Hondo68  posted on  2015-05-01   18:30:36 ET  Reply   Trace   Private Reply  


#106. To: tpaine (#100)

No, it's purpose was to force state and local govts to stop infringing on the rights of their citizens.

Definitely not. Where is the part about local governments coming from? The Amendment took dead aim at the States.

https://supreme.justia.com/cases/federal/us/106/629/case.html

United States v. Harris, 106 U.S. 629 (1883)

[...]

It is however strenuously insisted that the legislation under consideration finds its warrant in the first and fifth sections of the Fourteenth Amendment. The first section declares

"All persons born or naturalized in the United States and subject to the jurisdiction thereof are citizens of the United States and of the state wherein they reside. No state shall make or enforce any law which shall abridge the privileges or immunities of citizens of the United States, nor shall any state deprive any person of life, liberty, or property without due process of law, nor deny to any person within its jurisdiction the equal protection of the laws."

The fifth section declares "The Congress shall have power to enforce by appropriate legislation the provisions of this amendment."

Page 106 U. S. 638

It is perfectly clear from the language of the first section that its purpose also was to place a restraint upon the action of the states. In the Slaughterhouse Cases, 16 Wall. 36, it was held by the majority of the Court, speaking through MR. JUSTICE MILLER, that the object of the second clause of the first section of the Fourteenth Amendment was to protect from the hostile legislation of the states the privileges and immunities of citizens of the United States, and this was conceded by MR. JUSTICE FIELD, who expressed the views of the dissenting Justices in that case. In the same case the Court, referring to the Fourteenth Amendment, said that

"if the states do not conform their laws to its requirements, then by the fifth section of the article of amendment Congress was authorized to enforce it by suitable legislation."
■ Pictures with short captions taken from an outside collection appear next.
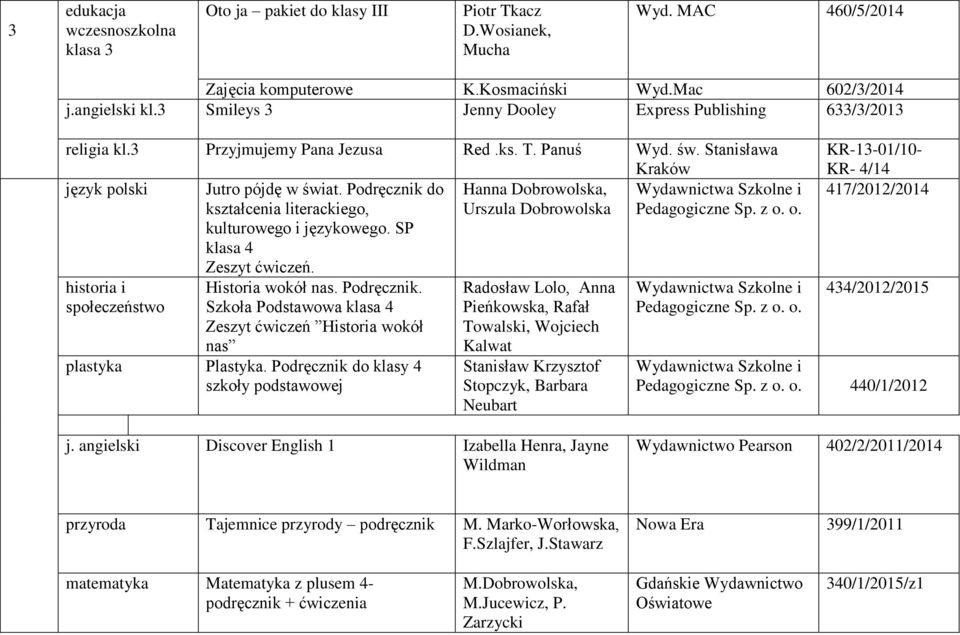 Podręcznik do Hanna Dobrowolska, kształcenia literackiego, Urszula Dobrowolska Pedagogiczne Sp. z o. o. kulturowego i językowego. SP klasa 4 Zeszyt. i społeczeństwo Historia wokół nas. Podręcznik.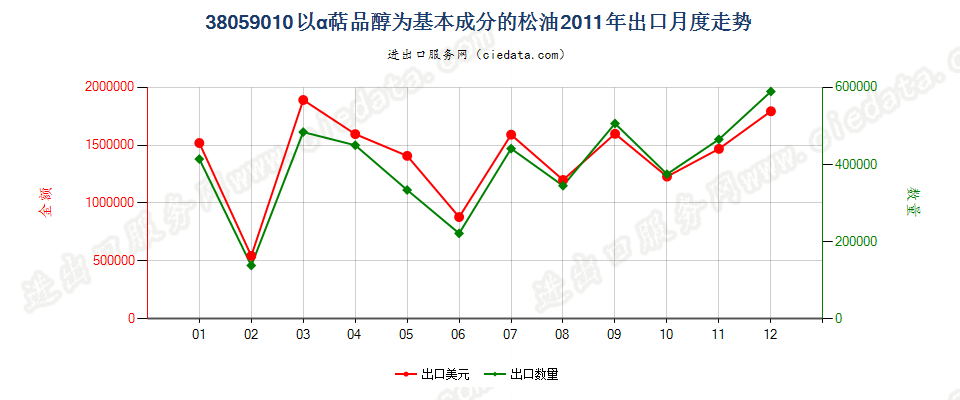 38059010以α萜品醇为基本成分的松油出口2011年月度走势图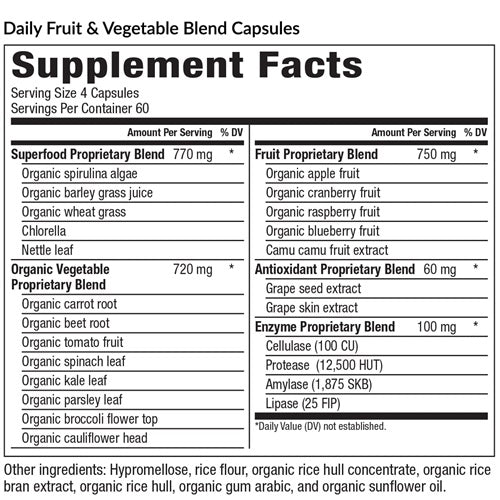 Daily Fruit & Vegetable Blend Capsules (EquiLife) supplement facts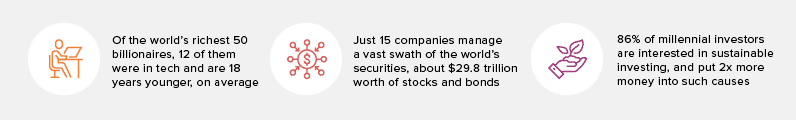 three global wealth facts that shape economies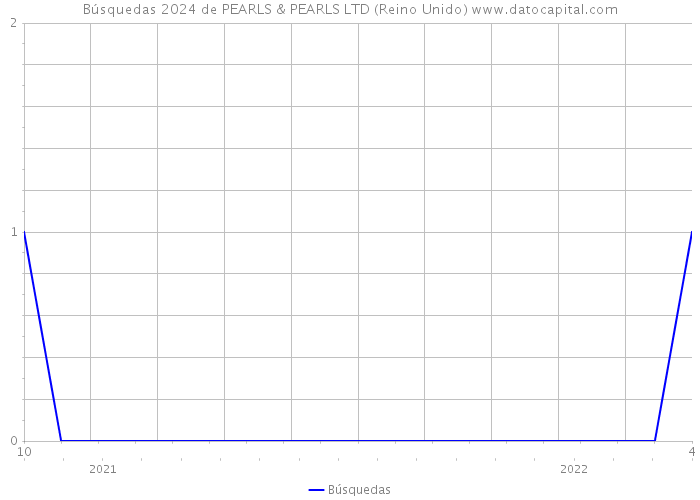 Búsquedas 2024 de PEARLS & PEARLS LTD (Reino Unido) 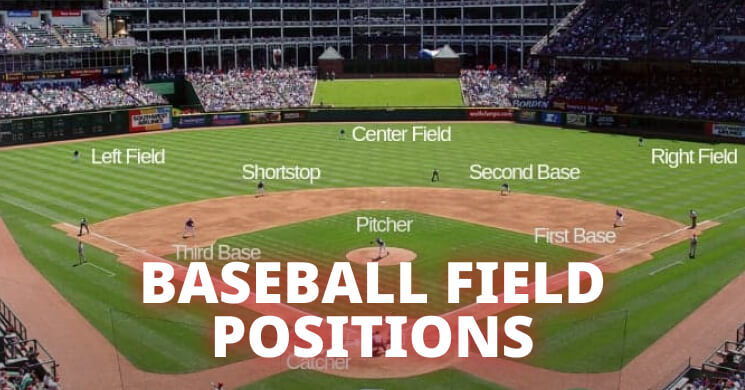 Baseball field positions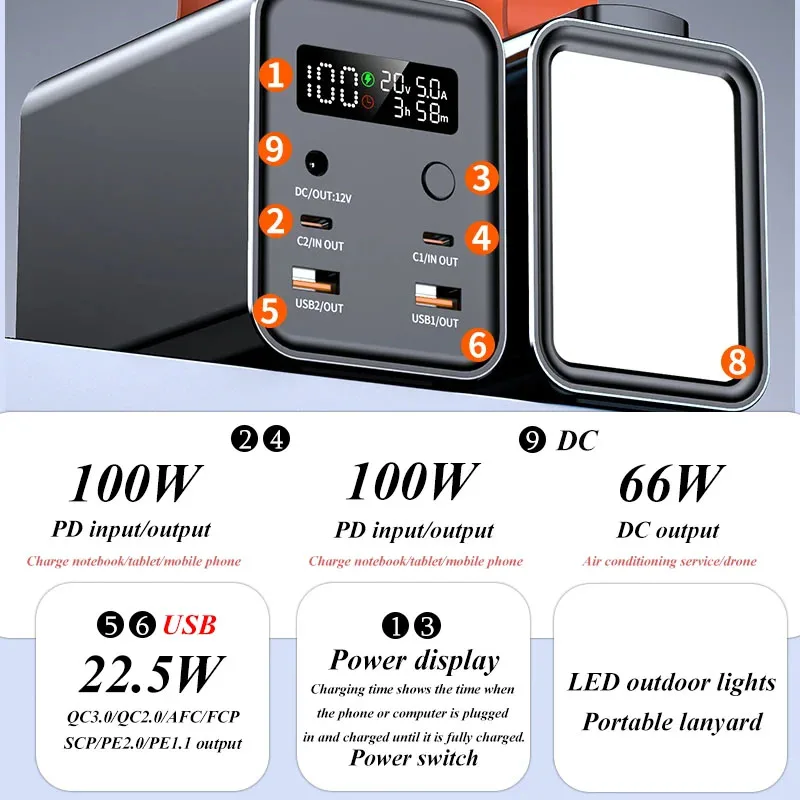 Power Bank 100W Fast Charging Portable External Battery USB C PD QC DC for iPhone Samsung Xiaomi Laptop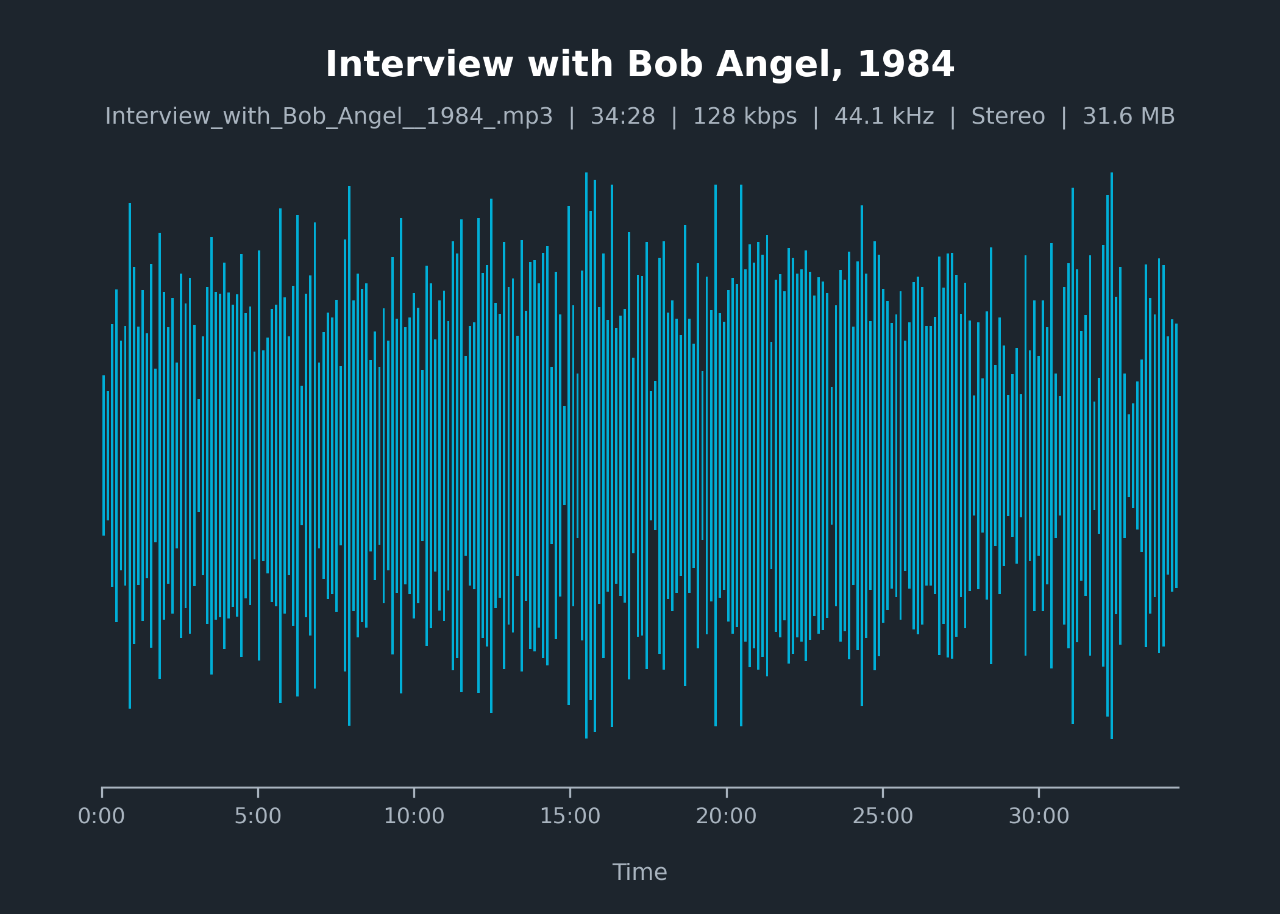 Audiogolfvorm van interview met Bob Angel, 1984, UTSA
The purpose and effect of the two sections of the Fourteenth Amendment above quoted were clearly defined by MR. JUSTICE BRADLEY in the case of United States v. Cruikshank, 1 Woods 316, as follows:

"It is a guarantee of protection against the acts of the state government itself. It is a guarantee against the exertion of arbitrary and tyrannical power on the part of the government and legislature of the state, not a guarantee against the commission of individual offenses, and the power of Congress, whether express or implied, to legislate for the enforcement of such a guarantee does not extend to the passage of laws for the suppression of crime within the states. The enforcement of the guarantee does not require or authorize Congress to perform 'the duty that the guarantee itself supposes it to be the duty of the state to perform, and which it requires the state to perform.'"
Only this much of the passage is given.